Cryptocurrency Havens in the EU: Poland and Lithuania Lead in Registered Crypto Companies
Poland has emerged as a leader among European Union countries in terms of the number of newly established businesses working with virtual digital assets. Out of approximately 2,000 registered cryptocurrency companies across the 27 EU member states, nearly half (938) are based in Poland. Additionally, the Polish registry of companies dealing with virtual currency sees new entries every week. Following closely behind Poland is Lithuania, with 499 registered companies, according to DL News.
Other EU countries significantly lag behind Poland and Lithuania in terms of registered cryptocurrency companies. Italy, in third place, has 124 such companies, while France has 95, Spain has 82, and Estonia has 80. Analysts attribute this situation to the fact that the registration process for cryptocurrency businesses in Poland takes only two weeks and costs less than €150. Moreover, these registered companies are not obliged to conduct their actual operations exclusively in Poland, allowing them easy access to other European markets.
"Some companies register in Poland solely to establish a presence within the EU," noted Jaroslaw Nowacki, a lawyer from the Polish law firm tau.legal.
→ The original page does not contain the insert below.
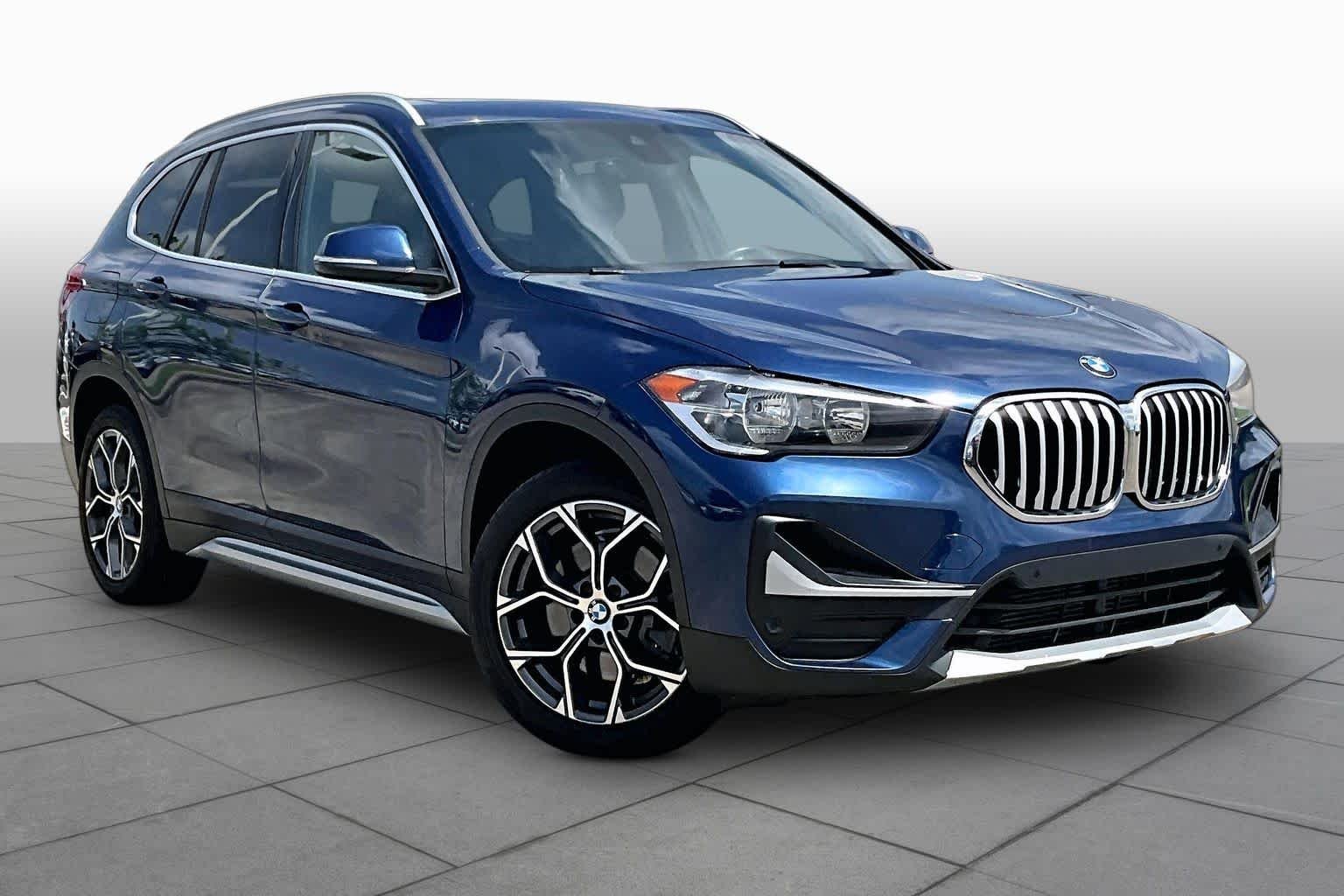Used 2021 Phytonic Blue Metallic BMW sDrive28i image 3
Registering a cryptocurrency company in Lithuania is similarly straightforward, attracting many fintech companies.
Currently, cryptocurrency companies are not allowed to attract clients from other EU countries without the necessary licensing. However, this situation is set to change in the future when the EU introduces a new law regulating crypto asset markets, known as MiCA. This law will come into effect in December 2024 and will govern the activities of digital assets on the world's largest European market.
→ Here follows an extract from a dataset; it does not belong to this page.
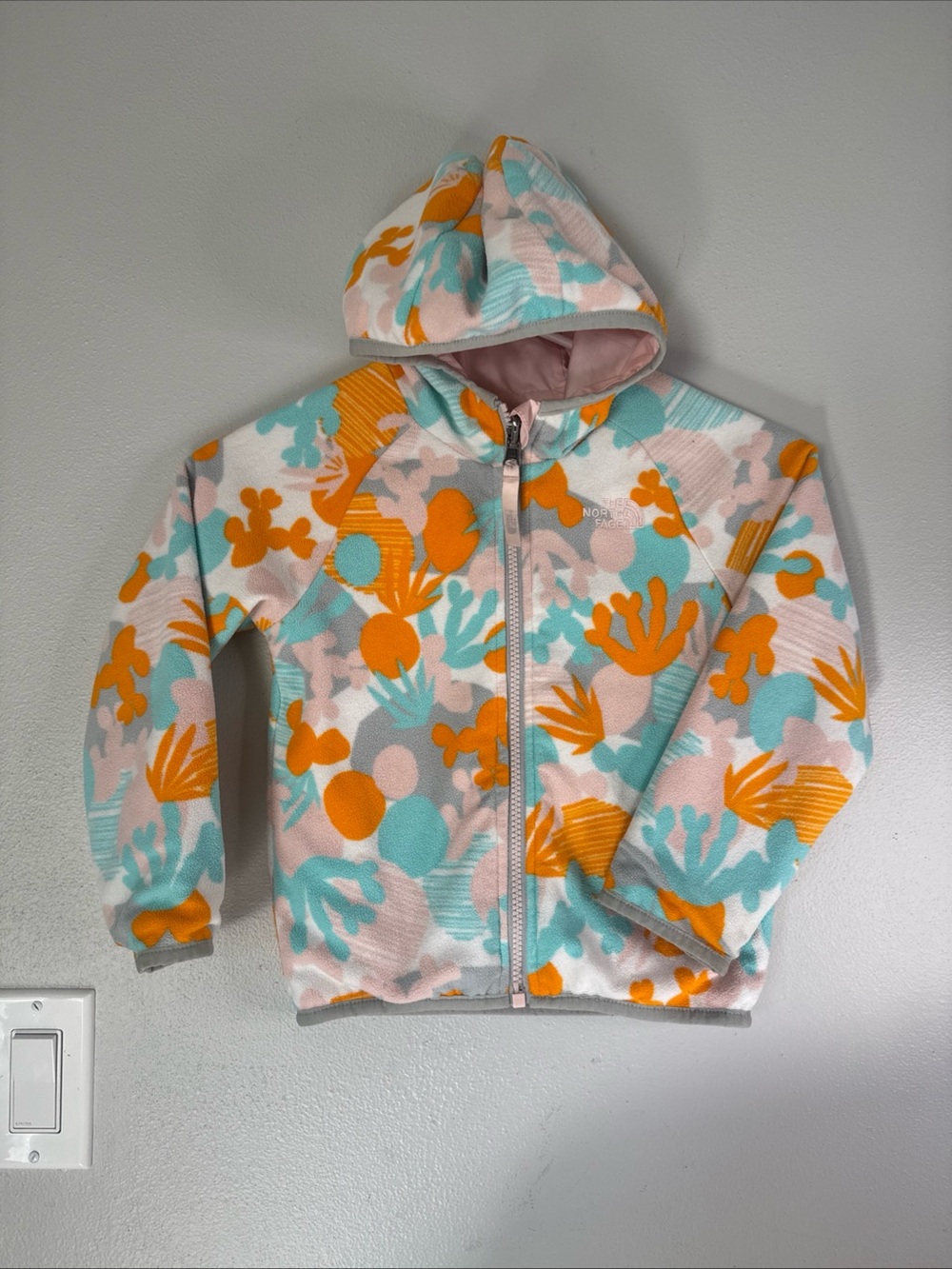 The North Face Girls Reversible Jacket Size 4T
To gain a better understanding of the market situation, DL News gathered data from official registers of virtual asset service providers (VASP) in EU member countries. Some countries maintain separate registries for virtual assets, while in others, information about these companies can be found in regular business registries.
Representatives from Romania and Latvia did not respond to requests for VASP data. Officials from the national banks of Slovakia and the Czech Republic informed researchers that their countries do not maintain separate VASP registries and do not require licensing for such companies. Hungary classifies cryptocurrency firms together with other fintech providers, making the total number of such firms in Hungary unknown.